De fato, a distância entre os dois (apesar dos mais de 5500
quilômetros entre Stavanger e Nova Iorque) não é tão bom quanto pode parecer. Embora
Gjerstad habite o território de especialistas europeus em improvisação, como o
guitarrista Derek Bailey e o iconoclasta Peter Brötzmann, ele tem, também, uma
parceria produtiva com o baixista William Parker, o baterista Hamid Drake e
Ornette Coleman, o trompetista Bobby Bradford, o que o aproxima muito mais da
órbita de Shipp. Nem “We Speak” é seu primeiro encontro gravado. Essa foi a
data inesperadamente cheia de compaixão documentada como “Season Of Sadness
(Iluso Records, 2019)”, em companhia do cellista Fred Lonberg-Holm.

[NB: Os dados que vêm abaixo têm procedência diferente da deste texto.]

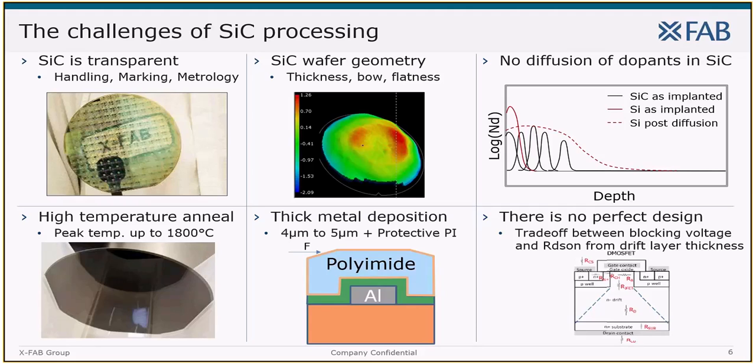Last but not least, there are the challenges in device design. There is simply no perfect design, but just carefully balanced trade-offs between, for example, blocking voltage and RDS-ON. To summarize: processing silicon carbide wafers in a silicon foundry is quite a challenge, but one that we managed — and I am not even referring to business challenges like lower throughput at most tools or higher wafer and substrate prices.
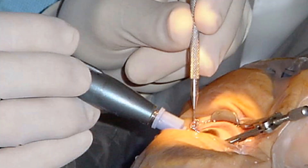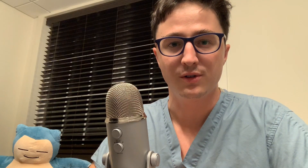Cataract surgery is actually one of the fastest and safest surgeries done in the United States. The surgery itself is typically pretty quick, taking somewhere between 5 to 15 minutes in an uncomplicated case. Your surgeon will remove your eye's natural lens and replace it with an acrylic lens or a lens made of a different material. That lens implant that goes inside the eye stays there for the rest of your life.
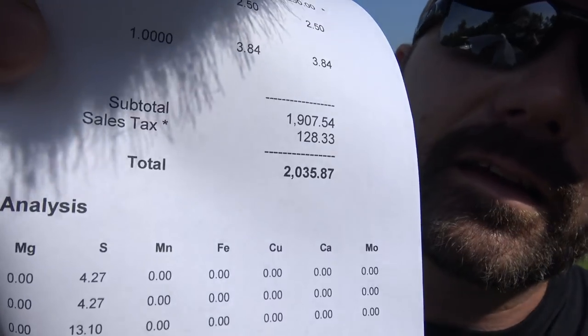He's pulling out of the farm right now — and here's what the bill is. It's alright though; we'll make it back in hay.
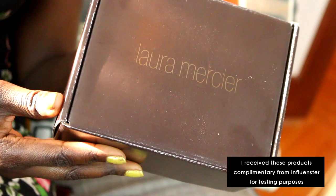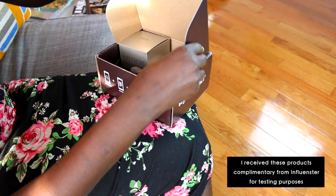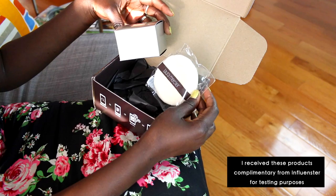An influencer sent me the new Laura Mercier Medium Deep shade for my honest review, so I'll go ahead and test it out on me, make sure it works with my complexion, and do a wear test — wearing it for a couple of hours to see if it does what they claim. I'll start the demo and do my face like I usually do; details on the other products I use will be in the description box.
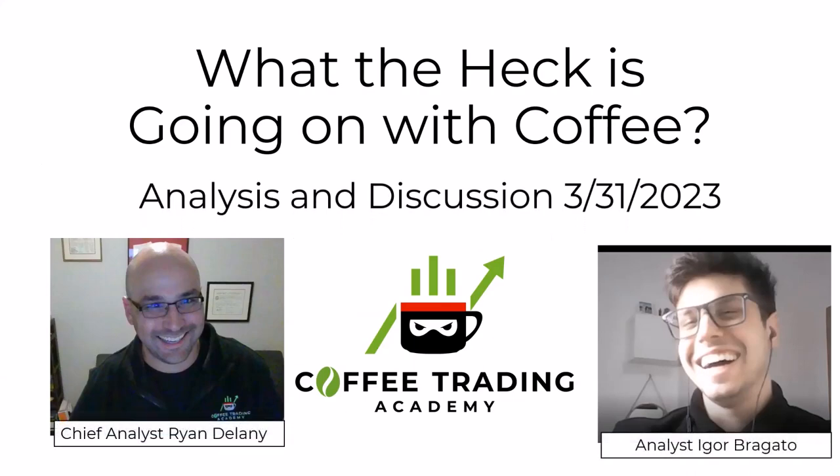We are here for another one of our back-and-forth episodes. This is Ryan Delaney, chief analyst at the Coffee Trading Academy, along with my friend and colleague Igor, joining us from sunny Brazil. Things have evolved in the market over the last two months. We can start saying the market is overall in a downtrend since the highs we saw last year, but now it seems like it is finding some range — and that's our starting point of discussion.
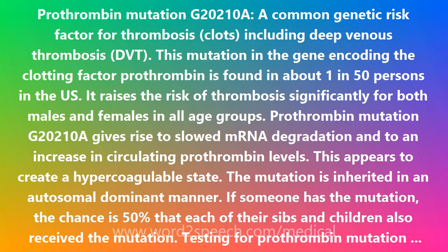If someone has the mutation, the chance is 50% that each of their siblings and children also received the mutation. Testing for Prothrombin mutation G20210A is therefore useful in determining a person's predisposition to thrombosis and can assist in determining the need for anticoagulant therapy.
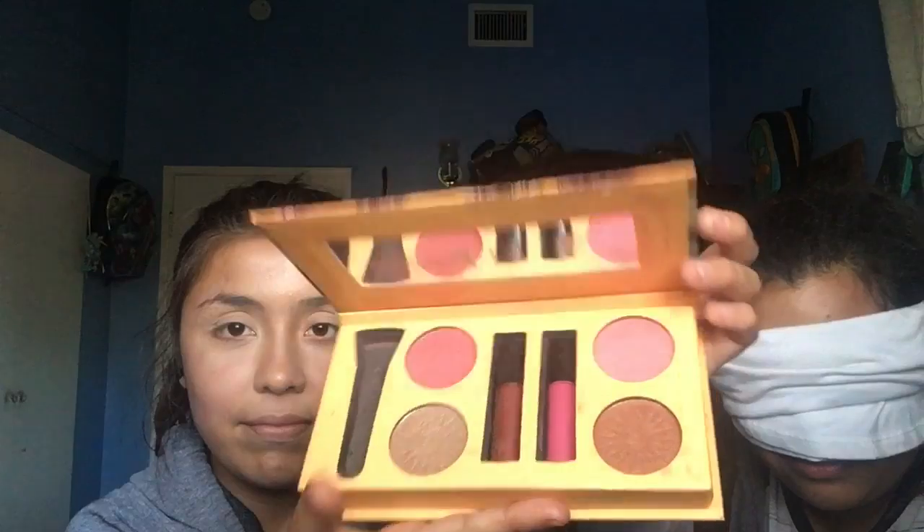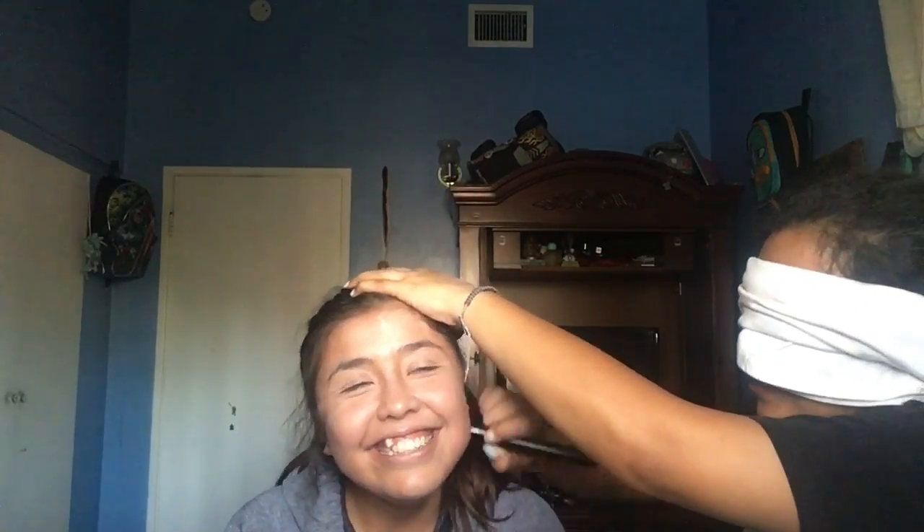Alright, okay, this is the blush and bronzer palette. Show them while I get a brush. Now I want to go over a nice blush. This is what it turned out to be — this is a blush palette I'm gonna use.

Como outro frequente associado a Shipp, o saxofonista Ivo
Perelman, Gjerstad exibe uma afinidade marcante para os registros mais altos,
particularmente no clarinete. Porém, na verdade, ele os coloca dentro de um
discurso ainda mais abstrato. Gjerstad favorece um rosnado gutural que pode
ziguezaguear em falsete. Porém, ele também se mostra capaz de explosões de
ternura quase melódica e sequências de balidos falsos e tons abafados que
sugerem vulnerabilidade e fragilidade. Em estilo inimitável, o barômetro
interno de Shipp oscila descontroladamente entre trovões, sol, geada e chuvas, mas,
no entanto, tem o efeito de aproximar Gjerstad do vernáculo do jazz.
Embora não haja nada que se assemelhe a um uníssono ou
harmonia pré-arranjada aqui, há uma abundância de cadências compartilhadas e acordo
em termos de humor e ritmo. Estes humores se transformam constantemente, com
dois impulsos às vezes opostos, muitas vezes combinados para criar um tom geral
mais instável e ambíguo. Isso é auxiliado pelo contraste agradável entre os
guinchos altíssimos de Gjerstad e a extremidade inferior forte de Shipp,
especialmente notável na faixa final, "About Peace", mas um recurso
recorrente em todo. A faixa mais longa, "About Conspiracies" com dois
minutos, revela-se especialmente plástica, atravessando não apenas picos de
alto drama, mas também vales de delicadeza. Sua intensidade também é temperada
por passagens de surpreendente sensibilidade em outros lugares, pisando
cautelosamente em "About Equality", como se estivesse andando na
ponta dos pés sobre gelo fino.
Ao longo das oito faixas de estúdio, Gjerstad e Shipp
negociam um equilíbrio rigoroso entre empatia e agência de maneiras
consistentemente estimulantes e imprevisíveis, porém o mais importante de tudo,
agradável.
Faixas: About
Music; About Hearing; About Freedom Of Expression; About Conspiracies; About
Minorities; About Equality; About Silence; About Peace.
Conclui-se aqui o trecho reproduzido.